見出しのフロムの言葉を、やったことのない人はいないでしょう。自我が未熟な人ほど、「責任逃れをしたくて、誰かや何かをバッシングする」のです。また自分をただ責めて、反省や改善にならないのは、他人を責めるとその相手から反撃されるのが怖いから、自分を責めて見せれば「そんなことないよ!」と同情を引けるからでもあります。
道義的責任は自分にはないことであっても、対処する責任は大人である以上ついて廻ります。また選択責任は大人は自分にあります。選択した結果は、どんなに理不尽なことであっても自分しか負えません。だからこそ私たち大人は、判断力を磨き、同調圧力などの、圧力をかけた方は決して責任を取らないことには断固として抗う胆力を鍛える必要があります。

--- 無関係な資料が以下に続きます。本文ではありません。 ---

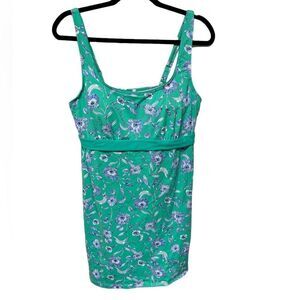 NWT Green Blue Floral Swim Top Dress Teal Tankini Top Bathing Suit Swim Shirt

正義感や道徳心を失ってしまえば、もう人として終わりです。しかし、ただ「怪しからん!」だけで反応的になり続けるのも、成熟した大人の態度とは言い難いでしょう。「あいつ怪しからん!」に終始していれば、ともすれば「私は悪くない。あいつが改心しろ。私に良きにはからえ」の「私は状況の被害者」になってしまいます。
道徳心や正義感は、反応的な速い思考です。道徳心や正義感は保ちつつ、「大難を小難に」できれば良しとする。そのために自分が具体的に何をするのかを考えるのは、遅い思考です。例えば「その人のあり方はその人の問題。私の境界線の外にあるもの」「嫌悪感や怒りは自分の境界線を侵害されたサインとして受け入れる。『嫌な氣持ちにさせられた』の被害者意識に嵌り込むのではない」などの考え方も遅い思考です。遅い思考は意識的に鍛えなければ使えません。

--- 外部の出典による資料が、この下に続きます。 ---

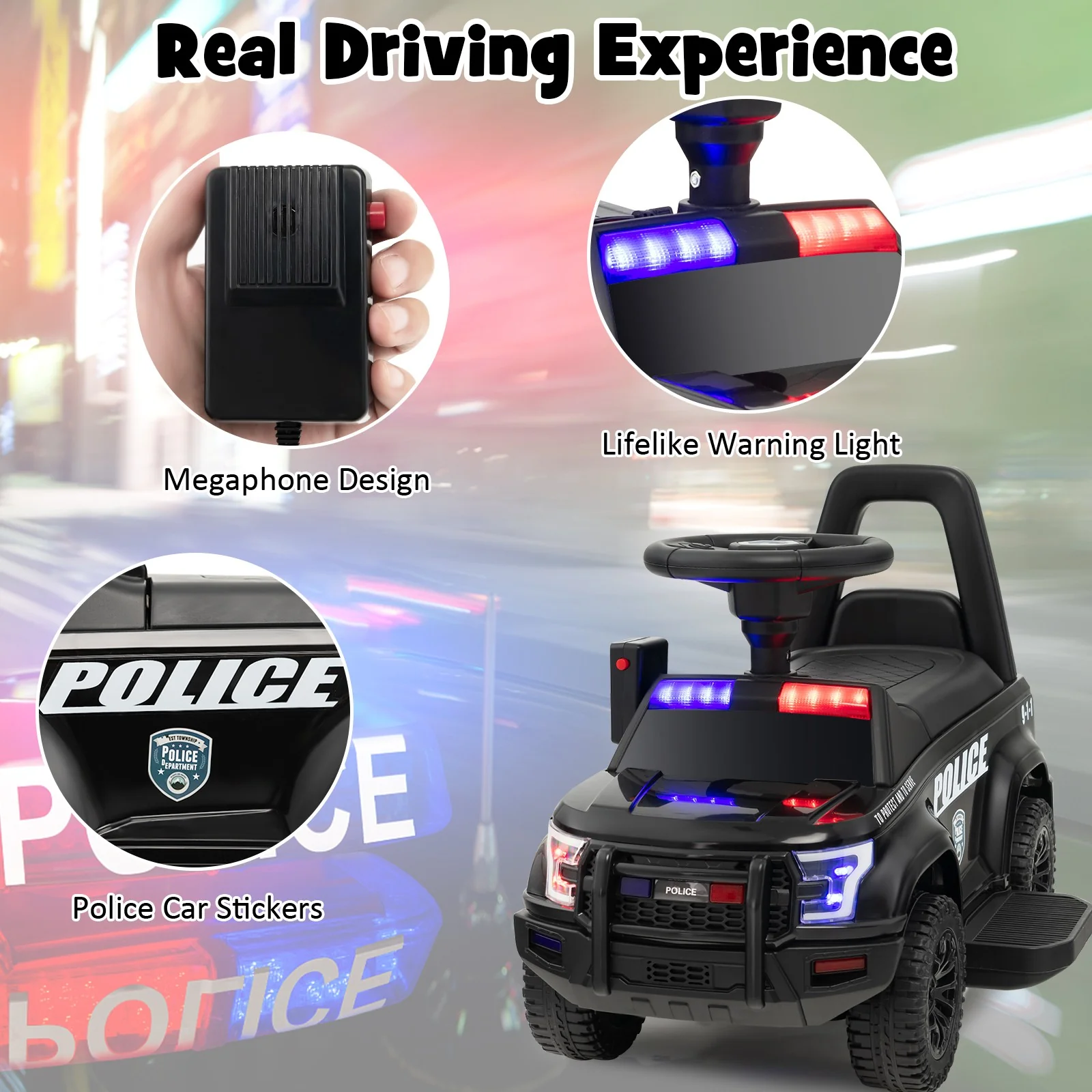 2-in-1 6V Kids Ride-On Police Push Car with Megaphone and Siren, Black - Image 9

心理セラピーは、この具体的な実践を通して、良心や広い視野に基づいた正義感や道徳心が自分の歯止めになりながら、「まあ、何とかする。何とかできる」その自分を養っていく場でもあります。
「家庭や子供を逃げ道に、今まで作った引き出しだけで終わらせようとしていた」北翔海莉
宝塚歌劇団の元星組トップスター北翔海莉さんは、中学の担任の先生に「あなたは背が高いから、宝塚音楽学校を受験してみたら?」と勧められ、何の準備もしていなかったのに合格してしまいました。ですから、成績は最下位で、辛くて辞めたいと何度も思ったそうです。しかし、努力の結果、潜んでいた才能が開花し、入団後は超遅咲きとは言え、トップスターになれました。

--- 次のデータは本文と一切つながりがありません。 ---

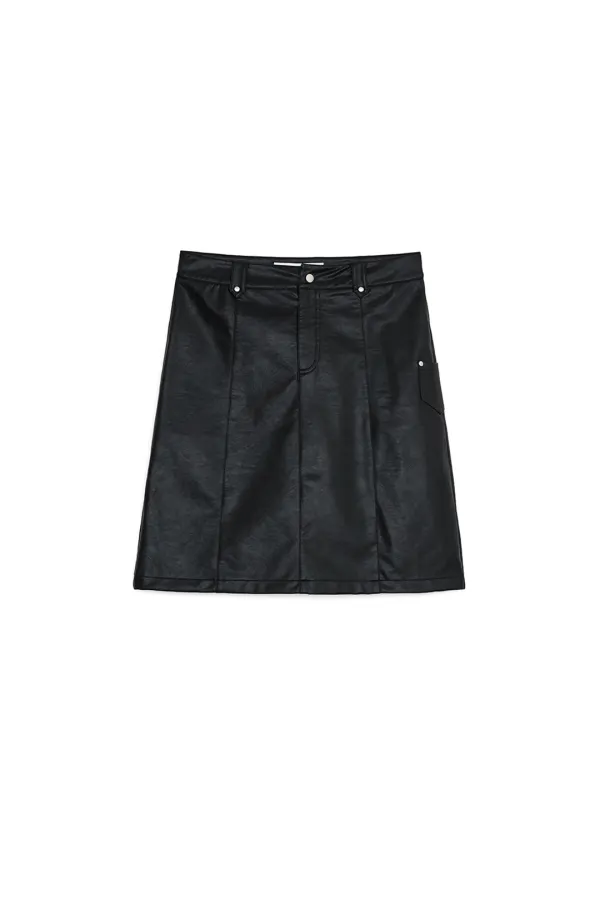 RIVET POCKET MIDI SKIRT, BLACK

北翔さんは長年多くのファンから愛されていたスターでしたが、「辞めたい」と悩む心と、「やってみなければわからない」チャレンジする心との葛藤の連続だったそうです。
リンクの記事は、トンプコンビを組んだ 妃海風(ひなみふう)さんとのインタビューです。
退団後、北翔は松竹新喜劇の藤山扇治郎と結婚。男児出産後も舞台に立ち続けたが育児との両立に悩むこともあった。芸能生活25周年の舞台が終わった一昨年、「やりたいこともやり尽くした。ここで辞めようかな」と思った。
その頃、妃海も活動を休止し、自分を見つめ直していた。北翔は彼女にステージに戻るよう説得しながら、自分が引退を考えていることの矛盾に気づいた。「家庭や子どもを逃げ道に、今まで作った引き出しだけで終わらせようとしていた。私も、もう一度立ち上がろうって決心した」
【読売新聞】 宝塚歌劇団の星組の元トップスター、 北翔海莉 ( ほくしょうかいり ) と元トップ娘役、 妃海風 ( ひな…
引退して育児に専念するのが良いとか、育児を両立させながら芸能生活を頑張るのが良いとかは、他人が決められることではありません。自分の心に嘘をついていないかが問われます。「家庭や子供を逃げ道にしていた」その自分は、自分しか氣づけません。家庭や子供を逃げ道にするのは、家族にも、そして誰よりも自分自身に対して失礼なのだと、それはこの悩みを通してこそ悟れたことでしょう。
どちらを選んでも道義的に責められることではないからこそ、自分と深く向き合わなければ、「言い訳をして逃げる自分」に氣づけなかったでしょう。しかしそれは、痛い経験ではあっても、自分のエゴからの解放なのです。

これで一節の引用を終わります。